Your argument is essentially: “I have downloaded and watched this movie, but because I cannot recreate the images, there was no copyright infringement involved”.


I would say it's more, I checked out a book from the library, read it, and learned some things about writing style and storytelling that I'm now going to apply to my own original works.


Libraries obey copyright, loaning out books for which they've acquired some right to lend to members. When I borrow a library book and read it that way, everything that happens is respecting the rights of the copyright's owner.

That has nothing to do with how LLM's were trained. They were trained on countless works for which Meta, etc had acquired no legitimate right for use at all.


i dont know of a law that says you have to purchase a book to be legally allowed to read it


The legal owner of the book has to allow you to read it. And the legal owner can't make additional copies to allow you to read it.


If I find a book on a park bench and read it, am I breaking the law in terms of intellectual property?


If they're training LLMs on books found on park benches, we don't have a problem. That's obviously not what we're talking about though.


My point is "the legal owner of the book has to allow you to read it" is not true

I will accept the argument they got the source material in a way where someone broke American law. I really do not think they've broken any laws whatsoever in terms of using it for LLM training


> they got the source material in a way where someone broke American law

Isn't inducing or offering someone incentives to break laws illegal by itself?
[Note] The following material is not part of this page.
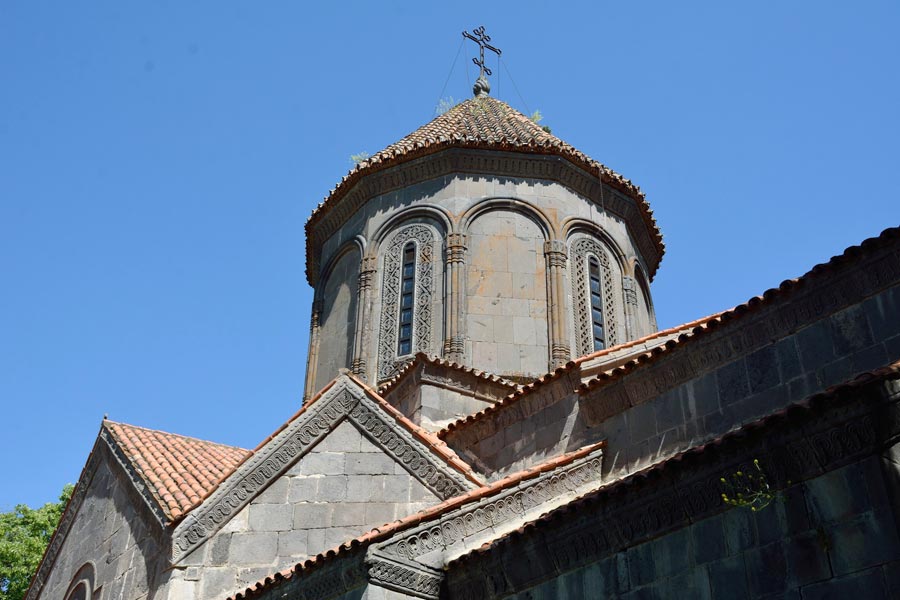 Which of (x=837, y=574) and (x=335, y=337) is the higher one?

I'll admit that isn't specifically an IP law violation, but it can't possibly be kosher.

For example if a buyer of goods can reasonably be expected to know the goods were stolen, they can also be charged. Isn't this the same thing?
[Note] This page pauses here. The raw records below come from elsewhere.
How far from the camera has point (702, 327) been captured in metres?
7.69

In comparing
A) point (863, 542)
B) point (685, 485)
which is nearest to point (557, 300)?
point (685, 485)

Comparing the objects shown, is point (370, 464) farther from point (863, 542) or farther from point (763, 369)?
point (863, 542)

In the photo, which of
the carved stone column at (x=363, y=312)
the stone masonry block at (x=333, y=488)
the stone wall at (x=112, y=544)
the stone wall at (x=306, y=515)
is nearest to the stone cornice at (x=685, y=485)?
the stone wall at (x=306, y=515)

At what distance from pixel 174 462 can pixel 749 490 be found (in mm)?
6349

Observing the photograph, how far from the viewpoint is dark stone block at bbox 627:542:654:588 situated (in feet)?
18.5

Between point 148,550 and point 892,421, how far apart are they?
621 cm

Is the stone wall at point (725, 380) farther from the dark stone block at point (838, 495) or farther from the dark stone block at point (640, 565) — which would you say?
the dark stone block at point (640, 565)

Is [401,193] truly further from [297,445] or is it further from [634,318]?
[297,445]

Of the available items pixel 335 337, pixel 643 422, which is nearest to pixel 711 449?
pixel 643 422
I would go a step further, even, and say it's akin to borrowing a book and formally registering every little detail about it but the actual text itself, with extreme breadth and precision: grammar, style, lexicon (potential morpheme combinations, basically), wider discourse structure, use of special characters and formatting, etc., and then discarding the book.


Yes but your library still legally obtained those copies in the first place.
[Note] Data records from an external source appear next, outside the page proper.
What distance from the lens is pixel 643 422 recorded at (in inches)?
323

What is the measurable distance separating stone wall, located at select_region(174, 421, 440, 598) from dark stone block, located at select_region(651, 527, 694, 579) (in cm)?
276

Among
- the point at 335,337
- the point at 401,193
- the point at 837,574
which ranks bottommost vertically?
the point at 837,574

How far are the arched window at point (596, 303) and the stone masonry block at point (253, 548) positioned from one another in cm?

Most, if not all, pirated books are copies of books that had been legally obtained, so this is not how they are distinguished from books borrowed from a library. The only thing that makes them pirated is that the price paid for the original book is considered to not have covered the right of also distributing copies of the book.

Nowadays the surviving public libraries might pay special prices for the right of lending books, but that was not true in the past, when they just bought the books from the market like anyone else, at the same price.

I am pretty sure that the public libraries that I frequented as a child, many decades ago, did not pay anything for a book above the price that I would have paid myself, but nonetheless at that time nobody would have thought that they do not have the right to lend the books to whomever they pleased.


The point in the Article is that Meta used LibGen to train, not legally obtained books from their local library. The problem is that if you and I made use of LibGen and some of the “right holders” (more likely some IP specialized law firms) realized that, we would be prosecuted.

Giving Meta exclusive access to those copies is the problem (which is effectively what we are doing if they are not prosecuted, or, alternatively, if we accepted that LibGen is fair use for everyone).


What our society has to decide is whether these use cases are beneficial or detrimental to society at large, and adjust IP laws accordingly.

Whether LLMs are archives of data, a compression method, or whatever else is just an unimportant technical implementation detail.


Was this replied to the wrong comment? I'm not sure what it has to do with what I wrote.

But here's another way to think about what I'm saying, in case you missed it:

Personally, I'd love to download a complete archive of JSTOR. I'd train myself, and maybe even I could even use it as input into some product I mean to launch soon. JSTOR doesn't offer a license for that, at least not to me, but I'm sure I can scrape their site or find an archive elsewhere and make it happen anyway.

Do you think I should do that? What do you think might happen if I tried?